Had an offline discussion with Jianshi, the dataset was generated by Pig.
Jianshi - Could you please attach the output of "parquet-schema
<path-to-parquet-file>"? I guess this is a Parquet format
backwards-compatibility issue. Parquet hadn't standardized
representation of LIST and MAP until recently, thus many systems made
their own choice and are not easily inter-operatable. In earlier days,
Spark SQL used LIST and MAP formats similar to Avro, which was
unfortunately not chosen as the current standard format. Details can be
found here:
https://github.com/apache/parquet-format/blob/master/LogicalTypes.md
This document also defines backwards-compatibility rules to handle
legacy Parquet data written by old Parquet implementations in various
systems.
So ideally, now Spark SQL should always write data following the
standard, and implement all backwards-compatibility rules to read legacy
data. I'm working on a PR https://github.com/apache/spark/pull/5422 for
this. To fix this issue, we need to implement backwards-compatibility
rules in both record converter and schema converter. This PR has fixed
the former, but I still need some time to finish the latter part and add
tests.
Cheng
On 4/25/15 2:22 AM, Yin Huai wrote:
oh, I missed that. It is fixed in 1.3.0.
Also, Jianshi, the dataset was not generated by Spark SQL, right?
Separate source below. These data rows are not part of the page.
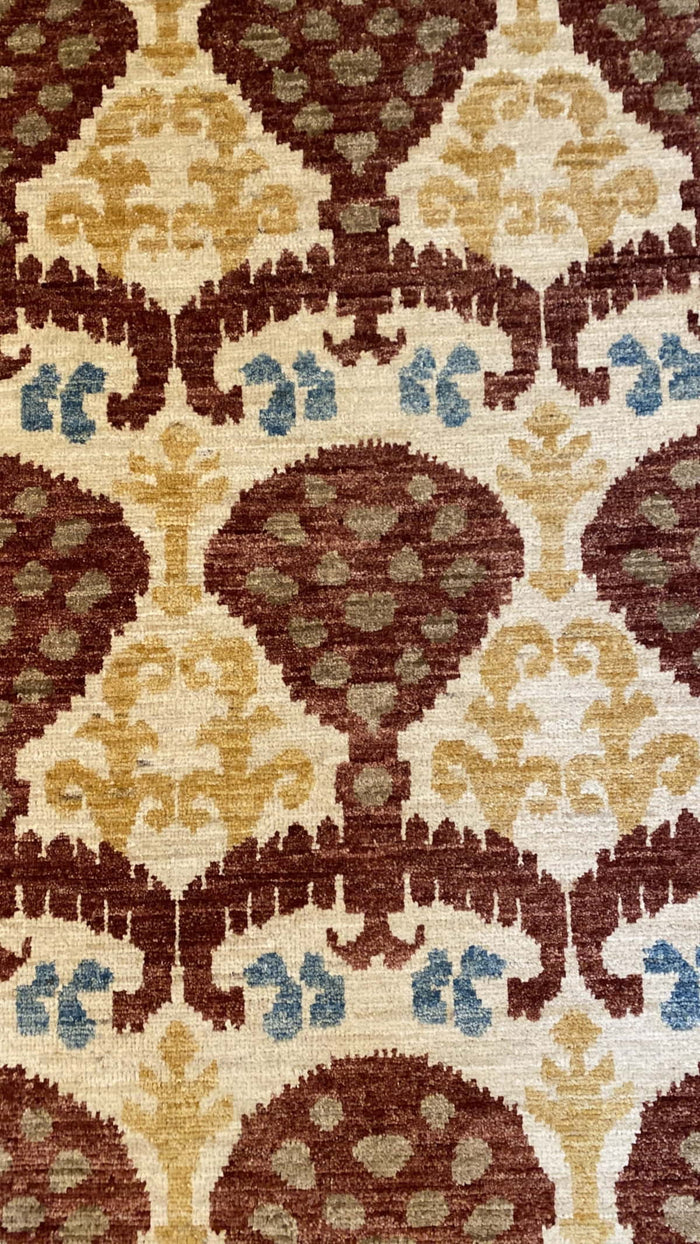 Afghan Turkaman weave, modern Ikat design 299x86cm | Rug# 23942A
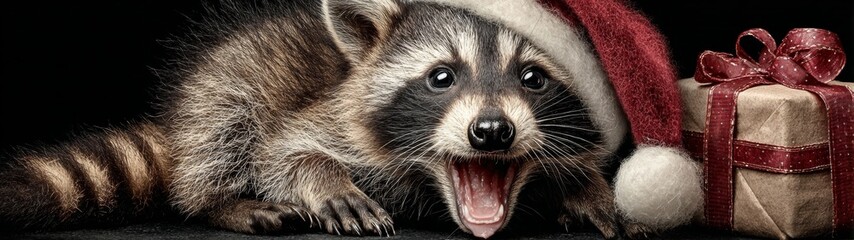 Enchanting christmas card with a playful raccoon and festive gifts. Artistic distortion. A winter wonderland: delightful raccoon with gift and snowy scenery. Daring imagery. Grotesque style.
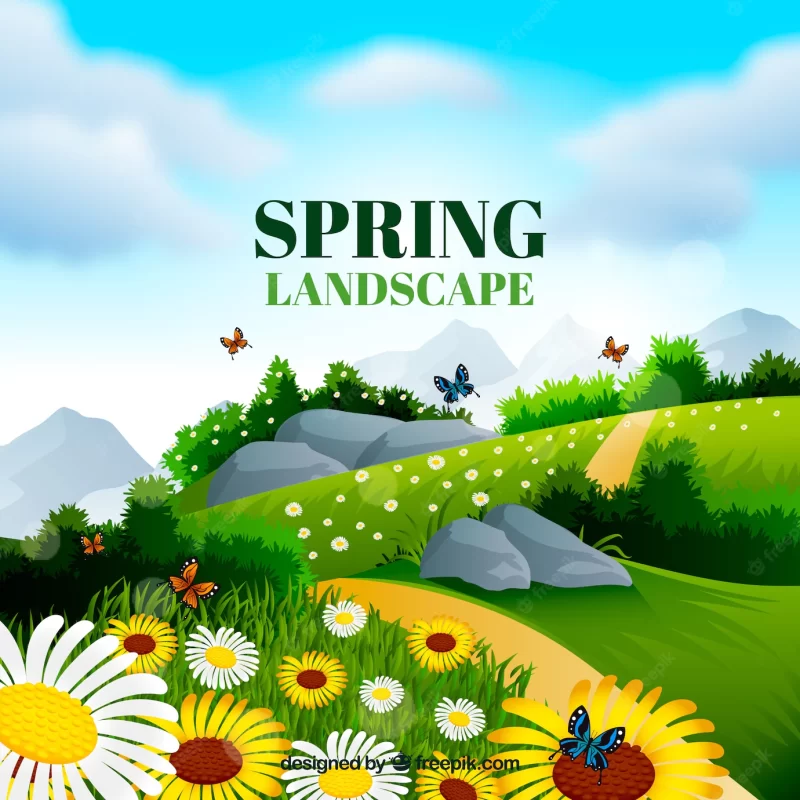 Detailed spring landscape Free Vector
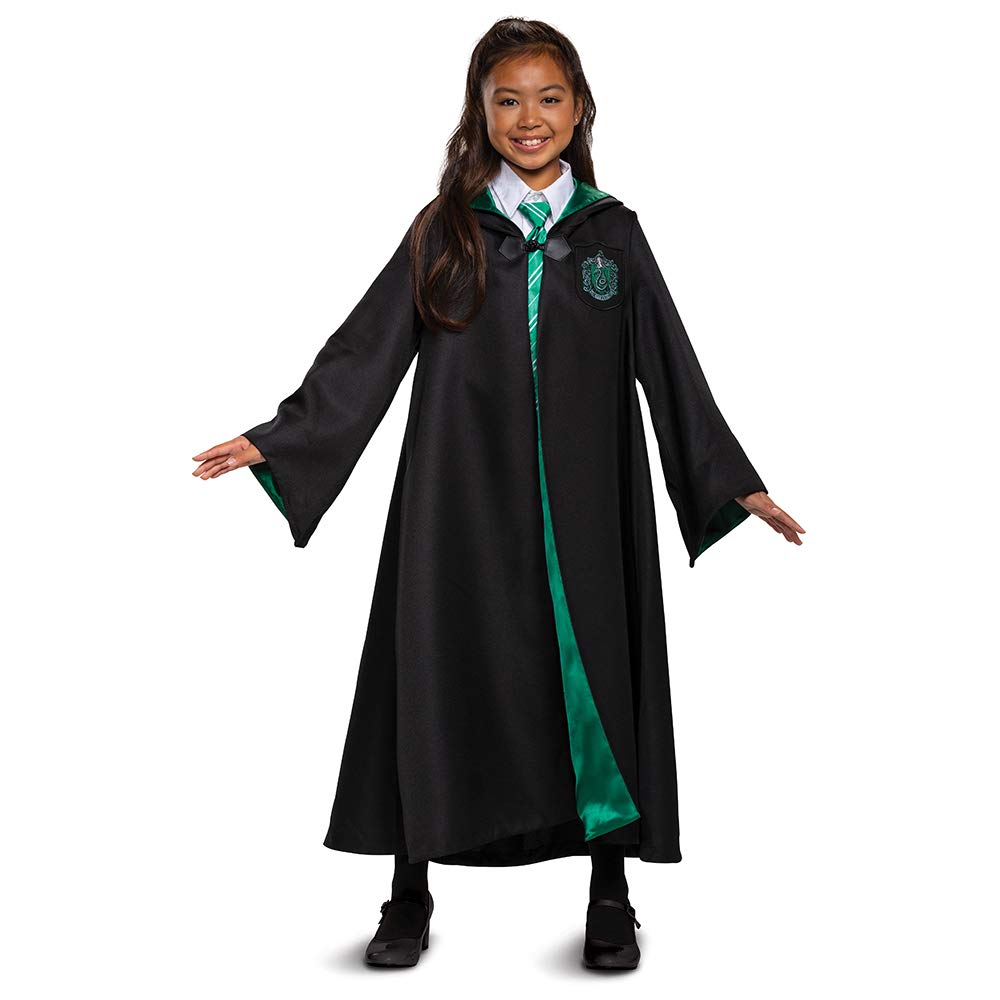 Disfraz de Harry Potter Slytherin Prestige para niños, negro y verde, talla L (10-12)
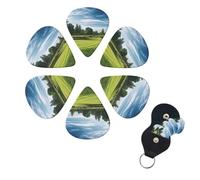 6 Pack Golf Course Lawn Guitar Picks with Guitar Pick Holder, Personalized Celluloid Plectrums for Acoustic Guitar, Bass, Ukulele, Cool Bass Accessories Gifts for Men Women 0.71mm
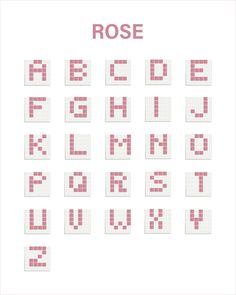 a cross stitch pattern with the letters and numbers in red, white and pink colors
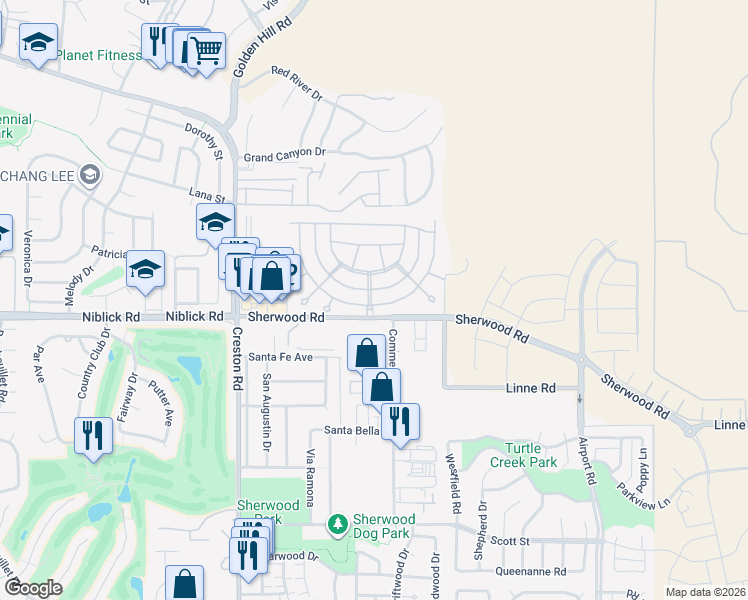 map of restaurants, bars, coffee shops, grocery stores, and more near 356 Lark Drive in Paso Robles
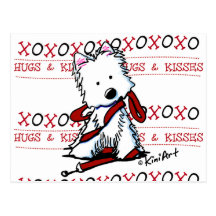 Cartão de KiniArt XOXO Westie Cartão Postal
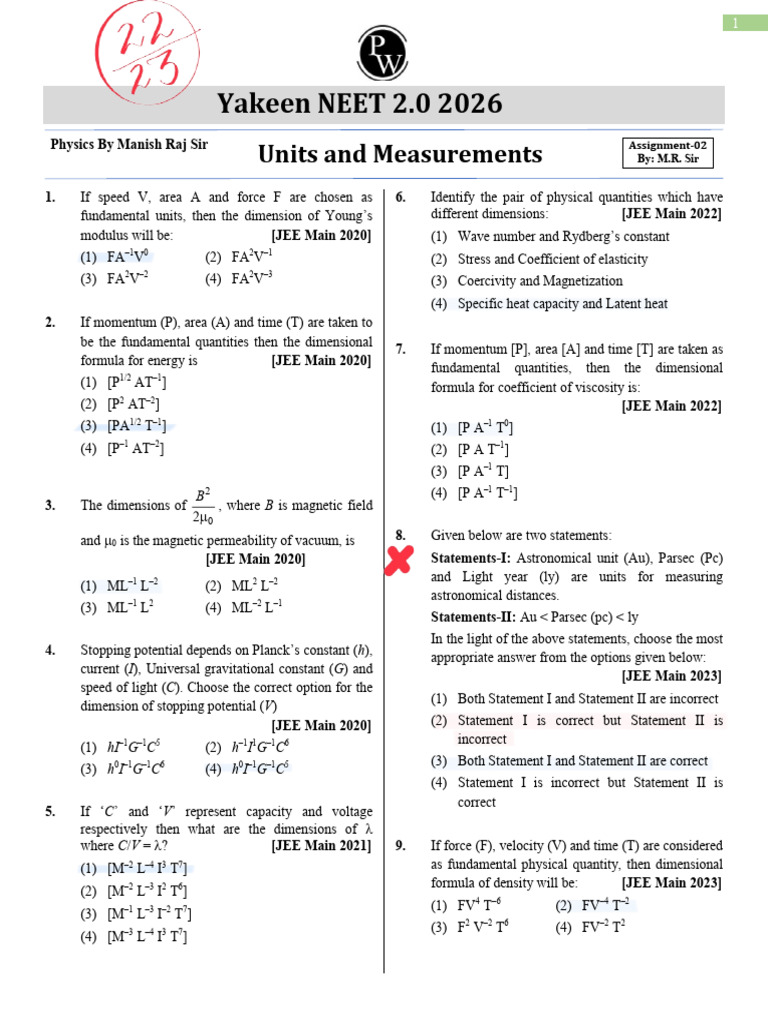 NEET 2026 Physics Units & Dimensions Guide | PDF | Momentum | Classical ...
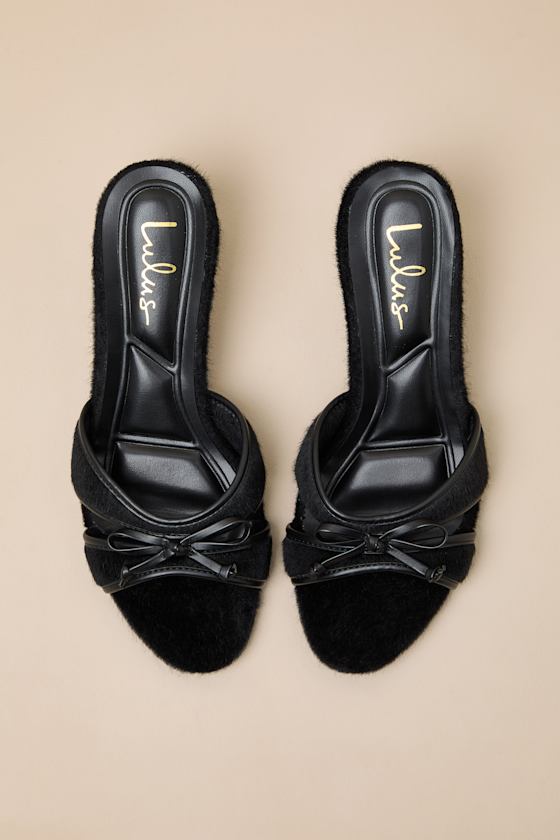 Ondine Black Faux Fur Low Heel Sandals 1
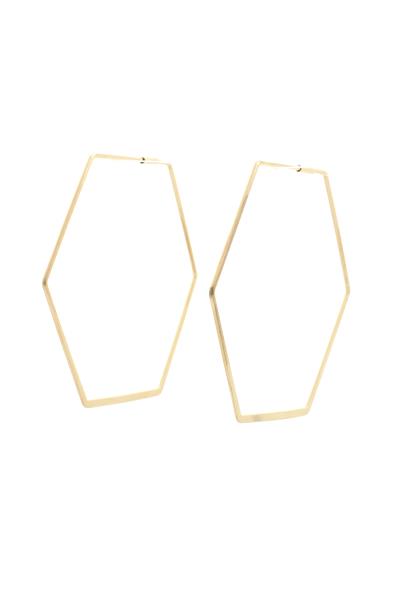 14K GOLD DIPPED HEXAGON SHAPE HOOP EARRING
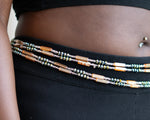 Load image into Gallery viewer, Sage Green, Beige, and Silver Waistbeads
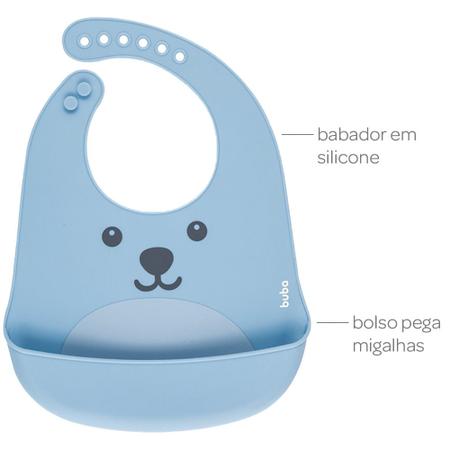 Babador de Silicone Com Pega Migalhas Gumy Azul Buba Imagem de Babador de Silicone Com Pega Migalhas Gumy Azul Buba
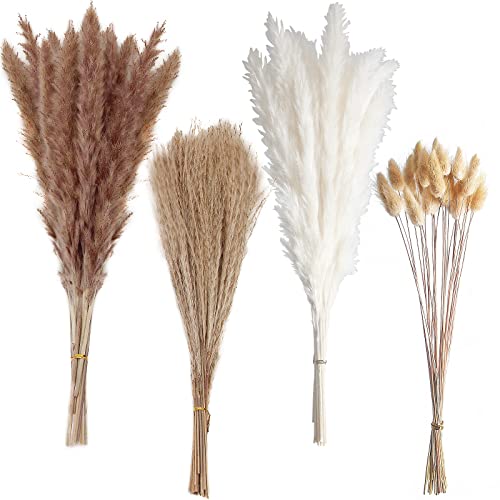 100 Pcs Dried Pampas Grass Decor - 17 Inch Small Boho Bouquet (Brown & White)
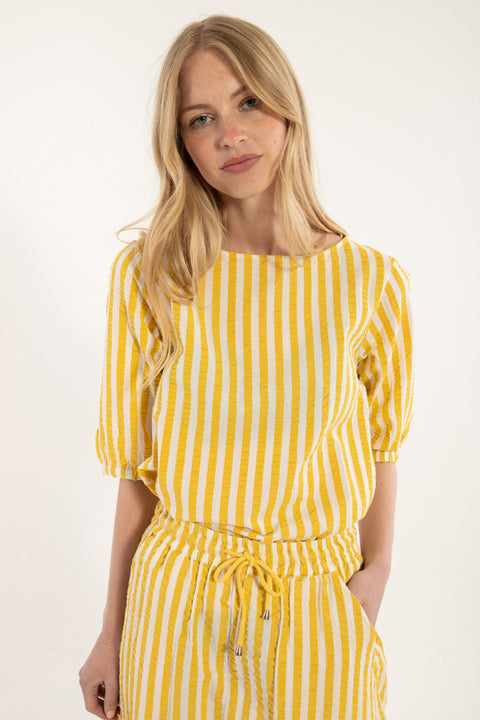 Gelb gestreiftes Damen-T-Shirt von Danefae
On Fri, Apr 24, 2015 at 11:09 AM, Ted Yu <yuzhih...@gmail.com
<mailto:yuzhih...@gmail.com>> wrote:
Yin:
Fix Version of SPARK-4520 is not set.
I assume it was fixed in 1.3.0
Cheers
Fix Version
On Fri, Apr 24, 2015 at 11:00 AM, Yin Huai <yh...@databricks.com
<mailto:yh...@databricks.com>> wrote:
The exception looks like the one mentioned in
https://issues.apache.org/jira/browse/SPARK-4520. What is the
version of Spark?
On Fri, Apr 24, 2015 at 2:40 AM, Jianshi Huang
<jianshi.hu...@gmail.com <mailto:jianshi.hu...@gmail.com>> wrote:
Hi,
My data looks like this:
+-----------+----------------------------+----------+
| col_name | data_type | comment |
+-----------+----------------------------+----------+
| cust_id | string | |
| part_num | int | |
| ip_list | array<struct<ip:string>> | |
| vid_list | array<struct<vid:string>> | |
| fso_list | array<struct<fso:string>> | |
| src | string | |
| date | int | |
+-----------+----------------------------+----------+
And I did select *, it reports ParquetDecodingException.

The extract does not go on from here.